Lotto Belisol’s André Greipel won Stage 4 of the Baloise Belgium Tour in an impressive way. Lacs de l’Eau d’Heure was the start and finish place of this 177.7 kilometres long hilly stage in which the Petit Poggio had to be climbed four times. Three riders set up a breakaway pretty early, but Lotto Belisol kept the situation under control together with the Omega Pharma – Quick-Step team of GC leader Tony Martin. The escapees were caught in time and all new attempts were quickly closed down. André Greipel was the fastest. The German champion beat Roman Maikin (RusVelo) and Philippe Gilbert (BMC).

Stage winner André Greipel (Lotto Belisol): “We worked hard to let it end with a bunch sprint today. Frederik Willems was pulling on the head of the peloton together with OmegaPharma – Quick-Step to get the escapees back. When the break was caught we had to avoid other attempts and organize ourselves for the sprint of course. That went well and so the guys could do a perfect lead-out. It was important for us to get that win here in the Belgium Tour.”

“Before the start of this stage race I had it in my mind there could be a chance to win here. The team believed in it as well. We were happy we achieved a bunch sprint. The guys already went really fast in the lead-out; I just hit it as hard as I could. On day one the fastest won and in stage two we didn’t get the organization we wanted due to several circumstances. Today we made it better. After this race ends tomorrow our next goal is the Tour de Luxembourg.”
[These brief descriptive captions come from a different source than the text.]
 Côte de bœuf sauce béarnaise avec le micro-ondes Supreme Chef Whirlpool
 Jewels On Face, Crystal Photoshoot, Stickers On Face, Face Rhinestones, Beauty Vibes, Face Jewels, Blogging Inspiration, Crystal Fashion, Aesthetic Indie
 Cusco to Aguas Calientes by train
Philippe Gilbert (BMC): “We wanted to make the race hard, but it wasn’t easy with the big roads, so we waited for the local laps,” Gilbert said. Tony Martin (Omega Pharma – Quick-Step) kept the overall lead while Gilbert remains fourth, 41 seconds. Gilbert said it might take a combined effort by the two riders ahead of him on the overall classification, Tom Dumoulin (Giant-Shimano) and Sylvain Chavanel (IAM Cycling), to unseat Martin. “We are all three in the same position, so we can try to gang up against Omega Pharma – Quick-Step,” the past world road champion said.
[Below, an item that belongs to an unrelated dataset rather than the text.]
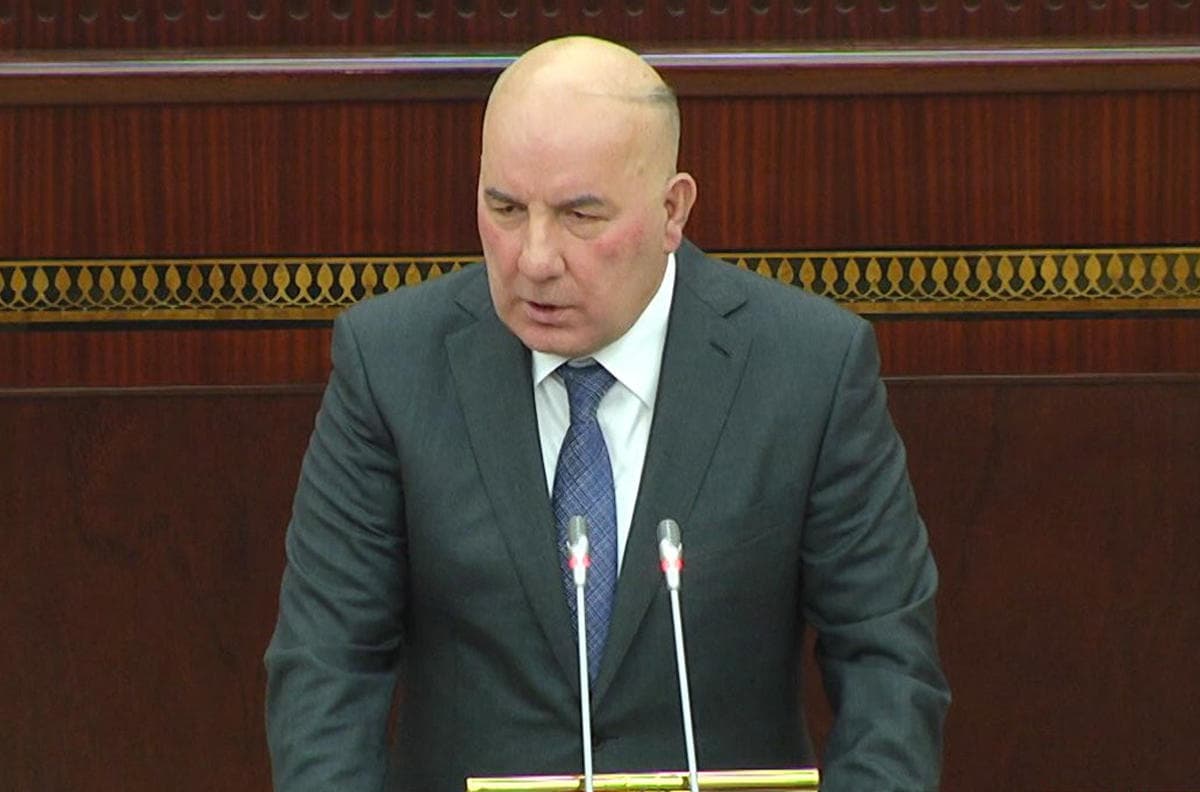 Elman Rüstəmov:Büdcə kəsiri ümumi bir problemdir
BMC’s Silvan Dillier, who was fourth in Friday’s individual time trial, showed his strength with 60 km to go, attacking out of the peloton and taking two others with him in bridging to the day’s breakaway of three riders. “It was really a great ride for Silvan,” BMC Racing Team Sporting Manager Allan Peiper said. “We wanted to make it a hard race and at least try for the stage win.” After soloing away from his fellow escapees with 10 km to go and gaining 15 seconds, Dillier was finally reeled by the chasing efforts of Martin’s team. “We had to put some pressure on all the other teams,” the reigning Swiss national elite road and time trial champion said. “My attack was pretty far from the finish, but I think it was still a good move. I almost made it to the final kilometres to be competitive for a victory.”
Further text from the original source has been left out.